» **TRY IT**
Reproduce, word for word, the lines in the material below starting with the one that has "华帝侧吸抽油烟机，轻松厨房生活" and going on through the one that has "Ulla Johnson - Simona". Leave out all pictures.

====== RECORDS PROVIDED ======

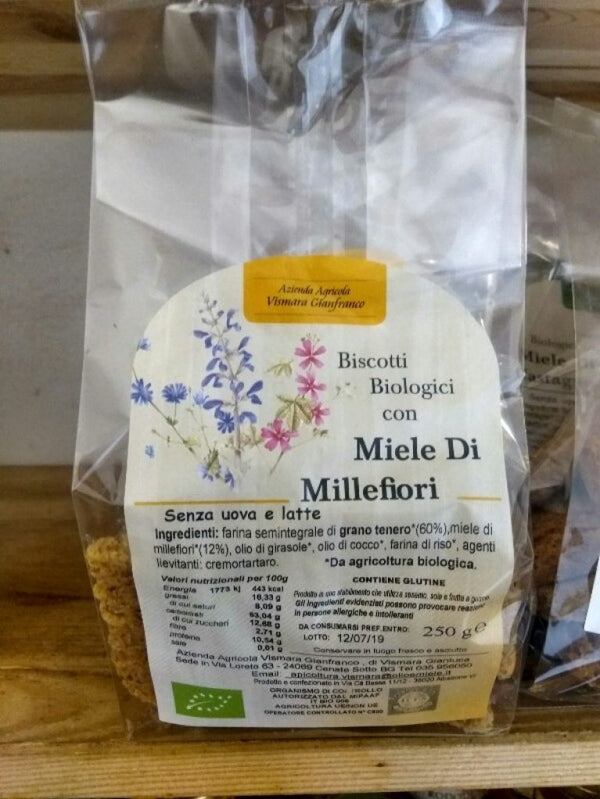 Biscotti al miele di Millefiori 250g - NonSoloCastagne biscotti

======
====== RECORDS PROVIDED ======

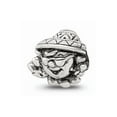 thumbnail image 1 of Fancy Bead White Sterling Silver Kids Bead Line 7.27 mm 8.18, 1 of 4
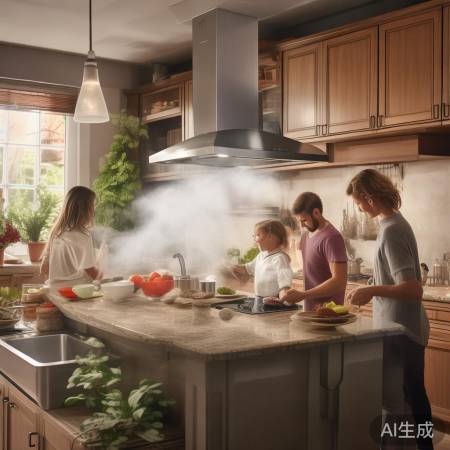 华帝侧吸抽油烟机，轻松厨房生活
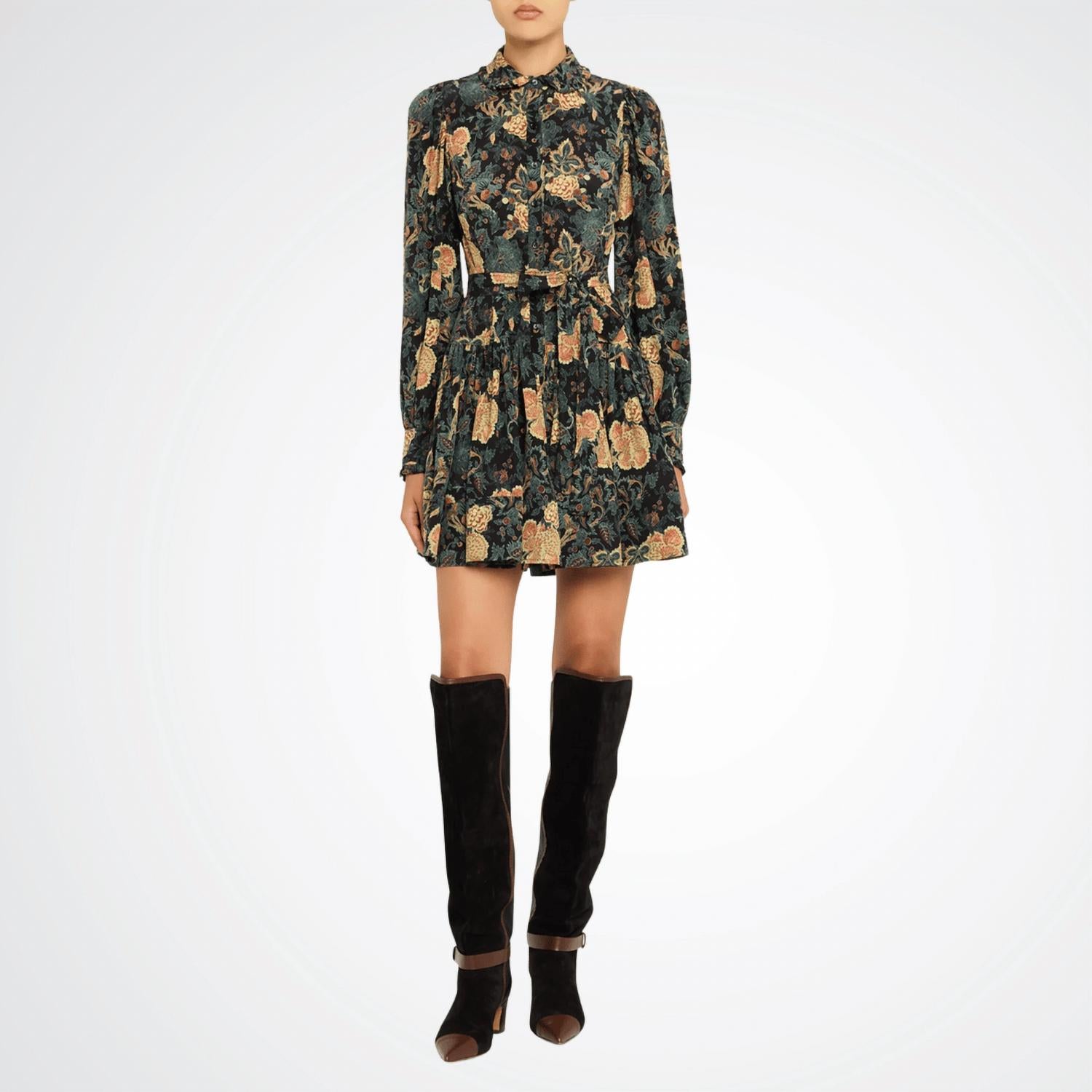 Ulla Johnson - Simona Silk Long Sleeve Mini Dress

======
====== RECORDS PROVIDED ======

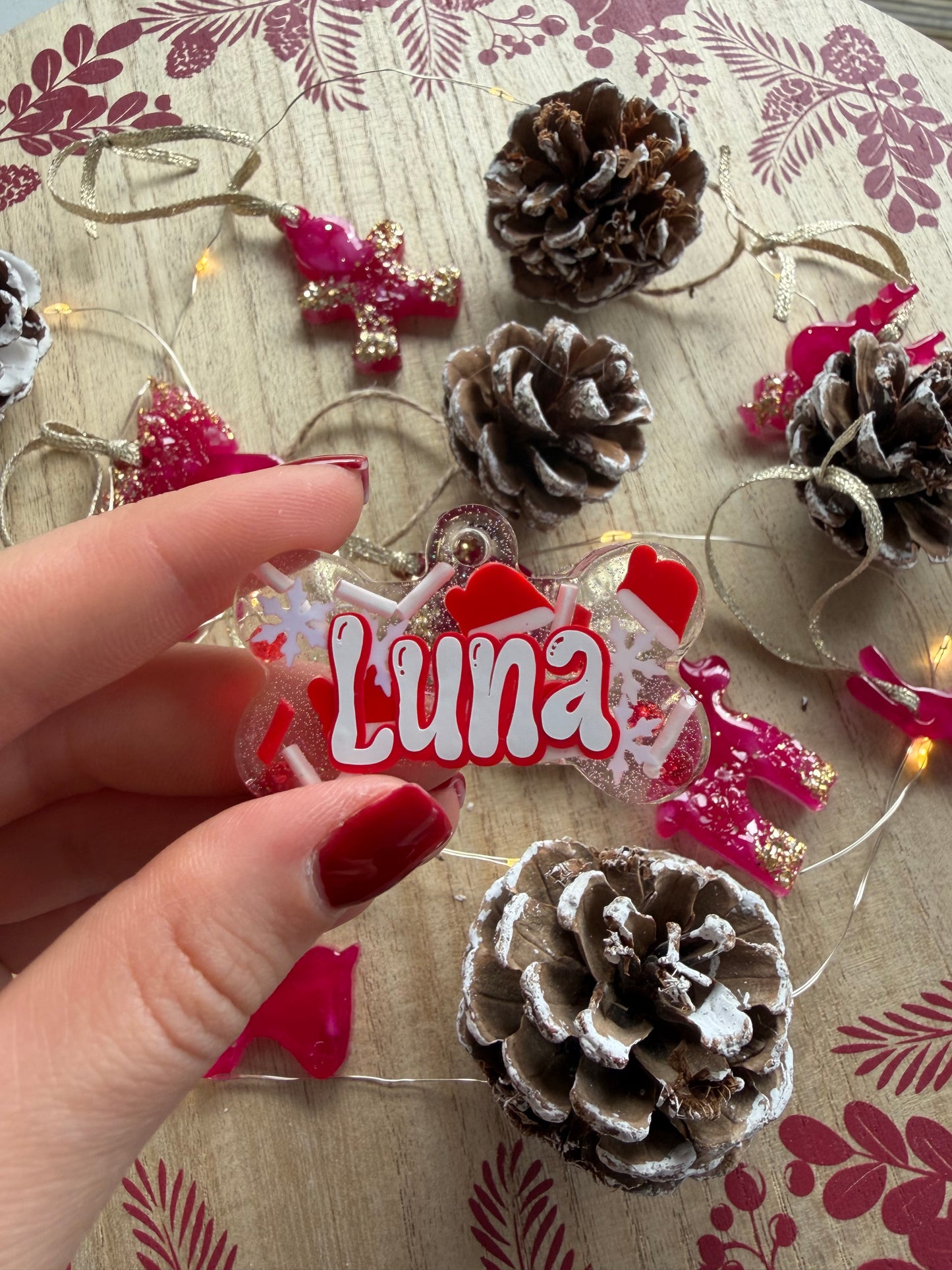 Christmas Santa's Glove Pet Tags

======

» **YOUR SOLUTION**
 华帝侧吸抽油烟机，轻松厨房生活
 Ulla Johnson - Simona Silk Long Sleeve Mini Dress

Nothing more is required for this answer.